ロゼの立場・・・そして可能性 カテゴリー:その他 2015-04-13 
シャンパーニュなどの発砲ワインならロゼは華麗な色彩で厚遇されるのに、普通のワインのロゼはあまりもてはやされることなく、特に日本のようにワイン文化が未熟な国では冷たい扱いを受けているように思えます。
しかし、私が知らないだけなのかも知れませんが、ロゼワインはいくら頑張っても当サイトの点数(10点満点)で7点がいいところで、それ以上を望むなら、色はロゼでも造り方を根本から変える必要がありそうです。
突き詰めると「ワインをどう評価するか」という問題に突き当たります。現在、偉大なワインと呼ばれるワインは、①香りが豊かで、②味に奥行きがあり、③全体としてのバランス(酸・糖・タンニンなど)が良い・・・そういうものです。
現在のロゼで③を満たすものは沢山ありますが、①と②はなかなか難しいですよね。
飲み手が何を求めているかはちょっと横に置いておいて、ワインビジネスの世界では、少しでも高く売れるワインを造ることが優先され、それならばロゼなんかより赤や白に力を注いだ方が効率がいいということになりがちかと思います。

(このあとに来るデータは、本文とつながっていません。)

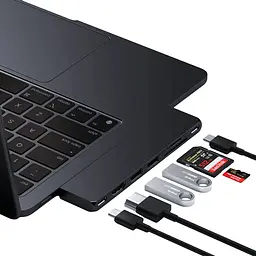 Адаптер Satechi Aluminum USB-C Pro Hub Slim Adapter Midnight (ST-HUCPHSD) - мініатюра 5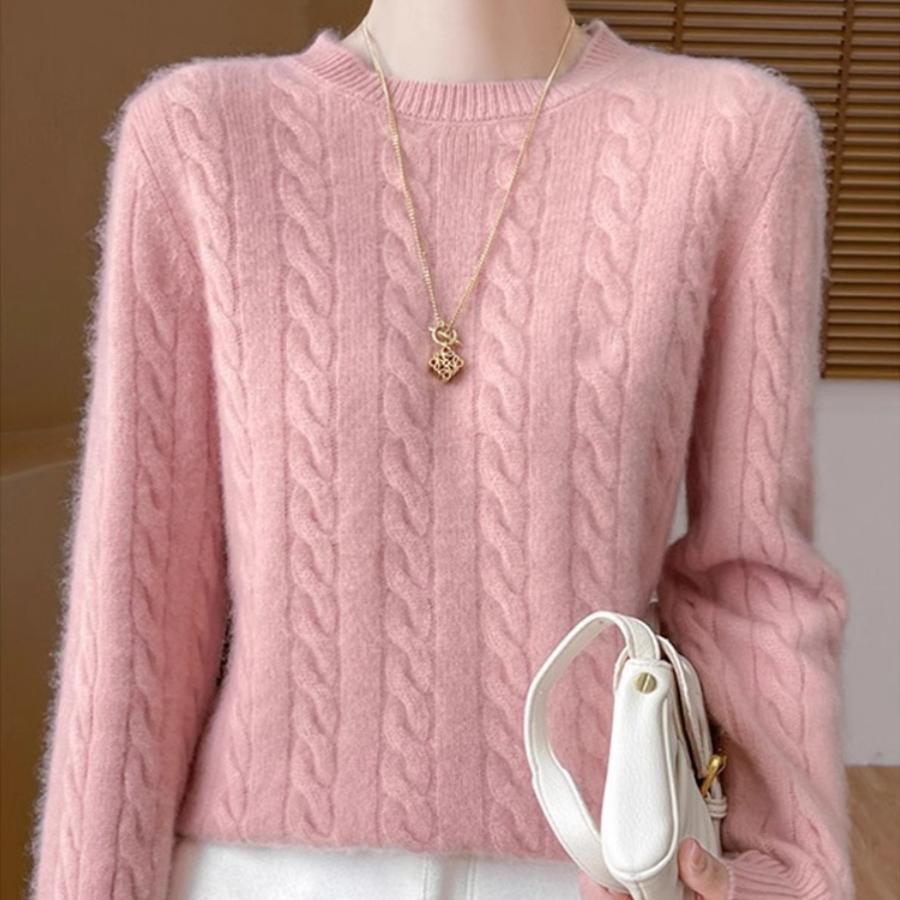 Женский свитер из 100% чистой шерсти, круглый вырез, утолщенный, мягкий пуловер - универсальная мода для осени и зимы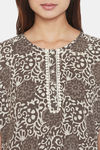 The Kaftan Company Cotton Full Length Nightdress - Grey — thumbnail 6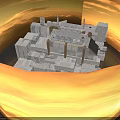3D Abstract Architectural Structure With White Block Design And Multi Layered Steps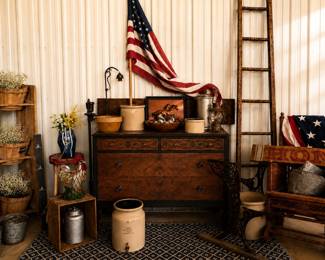 Rustic farmhouse furniture, antique crocks, Americana, and vintage treasures.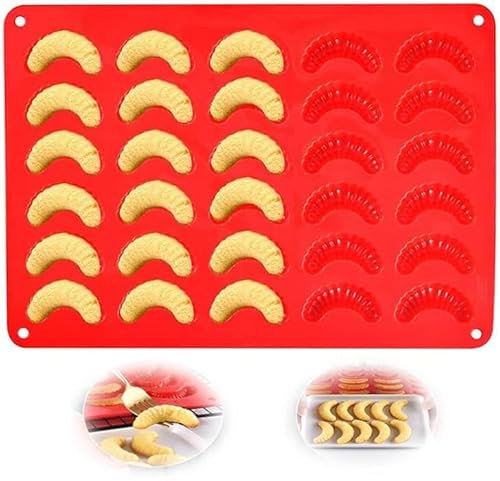 Angaekkot Vanillekipferl-Backblech,Silikon Kuchenform Silikonform,Kipferl Backform,Pralinenform Schokoladenform,Kipferl Backform,Temperaturbeständig Vanillekipferl Form,Für Schokolade,Eishandwerk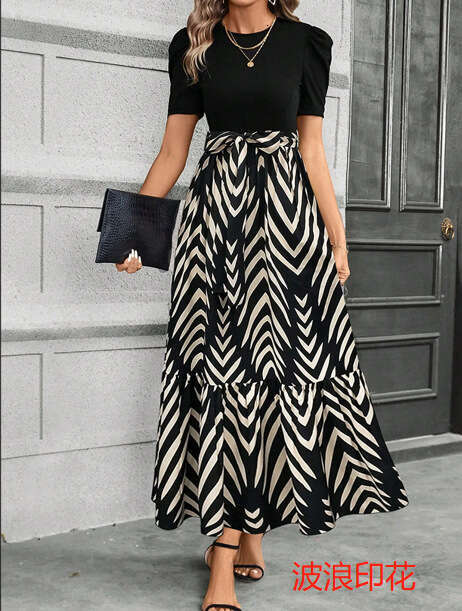 2025 New Style Unique Clothing European and American Women's Fashion Floral Print High Waist Fashionable Elegant Dress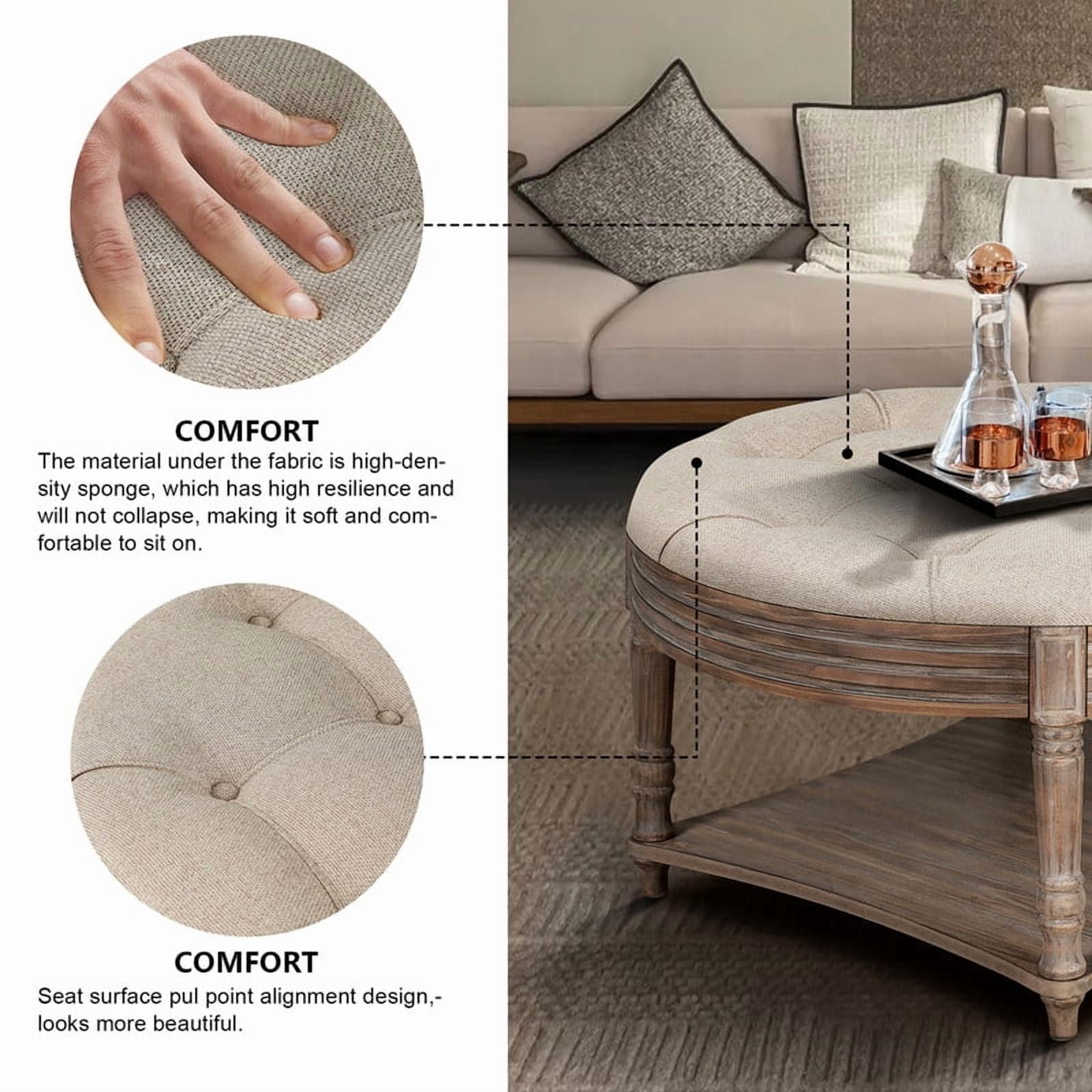 Round Storage Ottoman Coffee Table with Wooden Shelf, Oversized Tufted Upholstered Ottoman with Hidden Storage, Waterproof Linen Footrest for Living Room,Khaki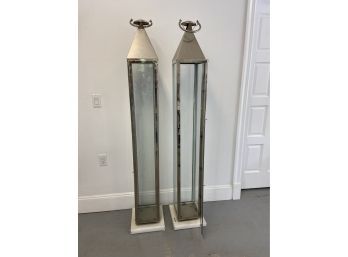 2 Fabulous Tall Outdoor/ Indoor Candle  Lanterns By D K Living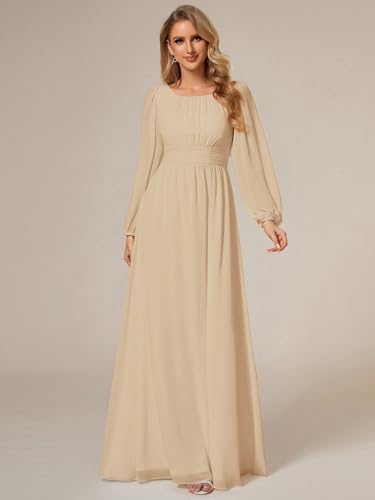 Image of Ever-Pretty Women's Crewneck Long Lantern Sleeves Floor Length A-Line Pleated Chiffon Formal Dress 0106B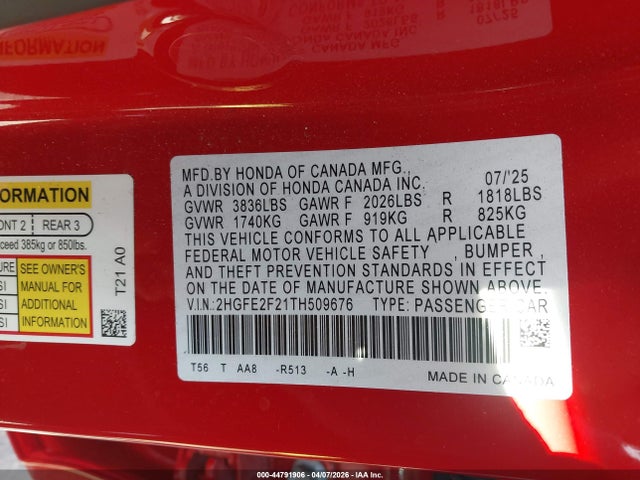 Honda Civic Lx 2026 2HGFE2F21TH509676 Image 9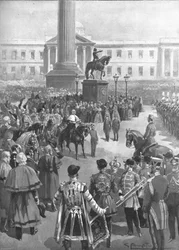 La fin de la guerre de Crimée : la proclamation de la paix à Charing Cross, avril 1856, 1901.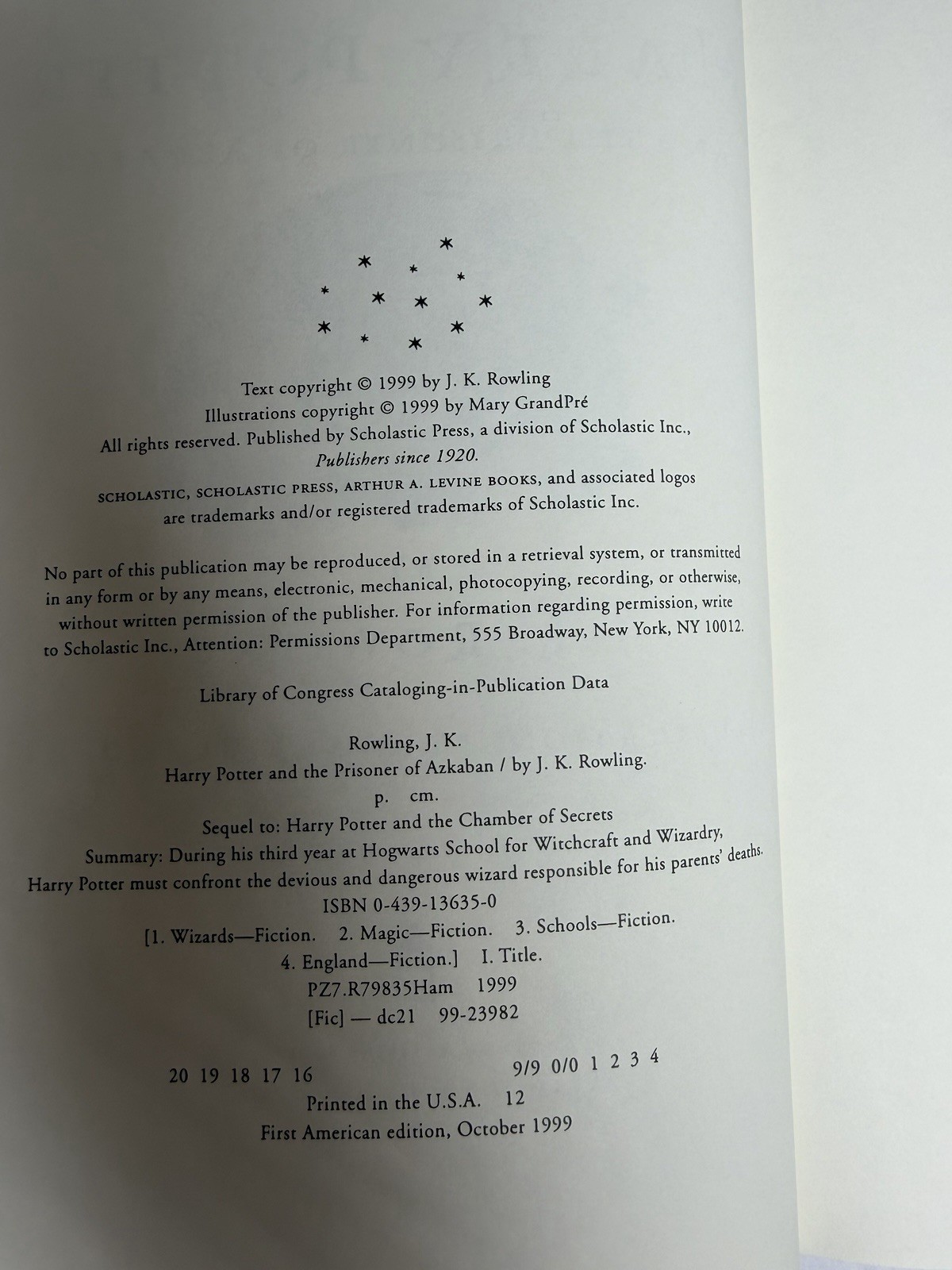 Harry Potter and the Prisoner of Azkaban Hardback 1st Amer Edition 1999 Rowling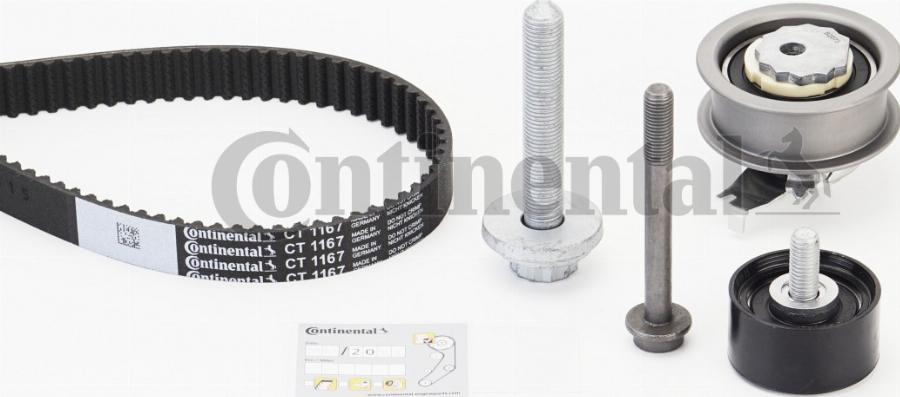 CONTINENTAL CT1167K4 - Комплект ременя ГРМ autozip.com.ua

飲み手ということになると、飲み手にもいろんなタイプの人がいて、はなからロゼなんて相手にしない人もいるだろうけれど、私などは選択肢の一つとして、ロゼも楽しみたいと思っている。前に書いたことがあるんだけれど、日本人だから和食も食べるわけで、あの甘ったるいすき焼きなどという料理にはロゼが案外合うのです。
西洋料理にはすき焼きのような甘ったるいシロモノがないので、欧米の批評家がロゼとすき焼きというマッチングを心底理解するのは難しいでしょうね。
前出の①②③拍子が揃ったロゼというのは、果たして可能だろうか? また、そういうロゼが依然としてすき焼きに合うだろうか?
私が思うには、技術的には可能だけど、少しすき焼き向きにはならないだろうということです。
もちろんワインの世界も日々動いているし、偉大だといわれるワインに近づければいいのだという時代も過ぎたわけで、激しい競争の中でロゼに目をつける生産者が現れても不思議はないと思うのです。過去ロゼを好んだ王侯貴族もいたわけですから、ピンクで愛らしいアイドル的な立場に留まらず、赤や白と勝負できるロゼの出現に期待したいと思います。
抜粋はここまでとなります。